Angst vor der Eiszeit:
Jerusalem fürchtet um seine Sonderbeziehung zu Washington

Von Thorsten Schmitz

Jerusalem - Ariel Scharon wird von den USA mit hoch gezogenen Augenbrauen beobachtet, von Republikanern wie von Demokraten. Sie misstrauen dem israelischen Premierminister auf Grund seiner kompromisslosen Haltung gegenüber den Palästinensern. Bereits die Clinton-Regierung hatte ihre Schwierigkeiten mit Scharon. Sie missbilligte sein "arrogantes" Verhalten gegenüber Palästinenserpräsident Jassir Arafat sowie seine unglückselige Bemerkung über die Furcht vor einem muslimischen "Groß-Albanien". 

Auch der frühere US-Präsident George Bush, der Vater des heutigen, machte aus seiner Abneigung gegenüber Scharon keinen Hehl und bereitete ihm im Mai 1991 als Wohnungsbauminister einen kühlen Empfang. Scharon gilt bis heute als der Bauherr jüdischer Siedlungen und als der für den Libanon-Krieg verantwortliche General.

Der neue US-Präsident George W. Bush versucht zwar, Scharon gegenüber vorbehaltloser aufzutreten. In der Nacht von Scharons Wahlsieg rief ihn Bush noch auf dessen Autotelefon an und gratulierte, obwohl "Bush auch noch nach 24 Stunden hätte gratulieren können", wie Scharon-Vertraute stolz erzählen. Allerdings scheint die Schonzeit gegenüber Israel nur von kurzer Dauer gewesen zu sein. Als Scharon zum Antrittsbesuch in Washington erschien, war der Empfang professionell - aber wenig herzlich. In Sorge über eine Eintrübung der amerikanisch-israelischen Beziehungen wähnten manche israelische Medien schon den Beginn einer "Eiszeit".

Geradezu geschockt haben Medien und auch die israelische Regierung auf die harte Kritik von US-Außenminister Colin Powell reagiert.

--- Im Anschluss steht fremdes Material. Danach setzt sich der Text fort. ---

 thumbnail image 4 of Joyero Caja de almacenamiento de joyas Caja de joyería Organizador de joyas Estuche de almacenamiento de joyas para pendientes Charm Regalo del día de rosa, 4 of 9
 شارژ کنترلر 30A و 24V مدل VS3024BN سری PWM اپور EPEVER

Dieser hatte kürzlich den zweimaligen Einmarsch israelischer Truppen in palästinensisches Autonomiegebiet als "unverhältnismäßig" und "exzessiv" bezeichnet. Mit solchen Worten hatte eine US-Regierung Israel zuletzt in den frühen achtziger Jahren kritisiert. Powell läutete eine neue Ära in den israelisch-amerikanischen Beziehungen ein. In den acht Jahren der Clinton-Regierung hatte sich Jerusalem stets auf die Unterstützung der Amerikaner verlassen können. Bush versucht nach Ansicht israelischer Beobachter nun, die Balance wiederherzustellen, die vor allem in den letzten Monaten der Clinton-Regierung zu Ungunsten der Palästinenser abhanden gekommen war. Die USA versuchten, "gerechter" im Nahost- Konflikt aufzutreten, heißt es. Von den Palästinensern wird das begrüßt. Powells Kritik am Einmarsch in Gaza empfanden sie als "richtig, wenn auch zu spät".

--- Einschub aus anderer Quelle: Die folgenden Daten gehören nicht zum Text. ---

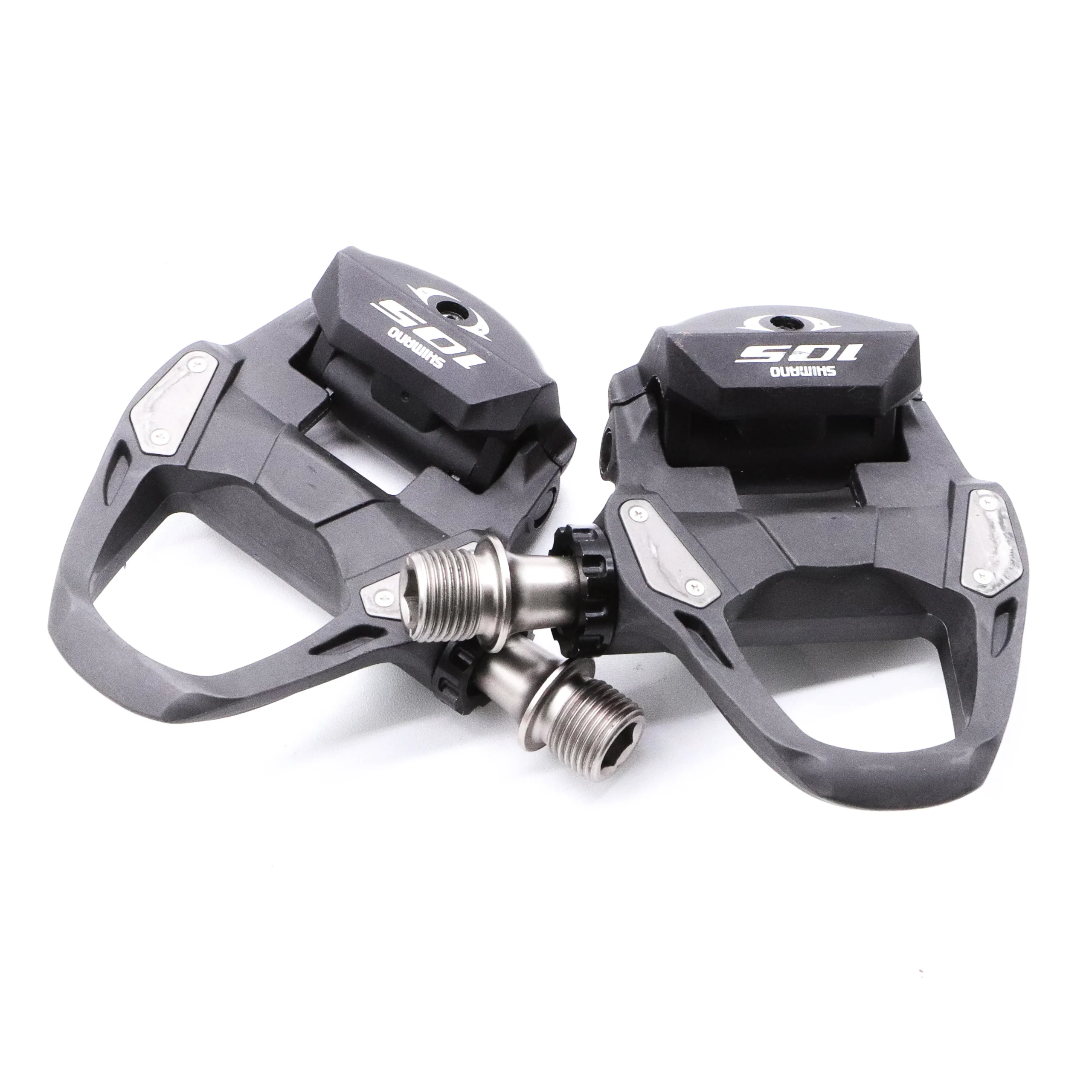 Shimano 105 PD-R7000 Carbon Road Bike Pedals - 259g, 52mm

Andererseits verübeln die Palästinenser den USA das Veto im Sicherheitsrat gegen die Entsendung von UN-Truppen in die Palästinensergebiete. Arafat hatte sich einen US-Präsidenten erhofft, der seine Seite stärker berücksichtigen würde. In den Palästinensergebieten werden schon wieder US- Flaggen verbrannt und die Amerikaner als "Freunde der Zionisten" verschmäht. Arafat, der von Powell ebenfalls klar aufgefordert wurde, die Gewalt einzudämmen, hofft unterdessen, von Bush ins Weiße Haus eingeladen zu werden. Doch der lässt Arafat schmoren. Israel sieht das mit Genugtuung.

Vakuum nach dem Wechsel

Premier Scharon ist der Ansicht, der Nahost-Konflikt lasse sich nicht unter Moderation der USA lösen. Palästinenser und Israelis müssten direkt verhandeln. Washington jedoch will das Vakuum nach dem Präsidentenwechsel durch stärkere Einflussnahme füllen. Der zurückgetretene Sondergesandte und Nahost-Experte Dennis Ross soll nach israelischen Medienberichten demnächst durch den arabisch sprechenden Edward Djerejian ersetzt werden, einen der Bush-Familie nahe stehenden Nahost-Experten. Die Scharon-Regierung sieht das mit Argwohn. Ein Sprecher erklärte: "Wir sind der Auffassung, dass wir direkt mit den Palästinensern verhandeln müssen, um die Gewalt zu beenden. Wir befürchten, dass mit einem Sondergesandten die Palästinenser erneut nur mit den USA reden werden, anstatt mit uns."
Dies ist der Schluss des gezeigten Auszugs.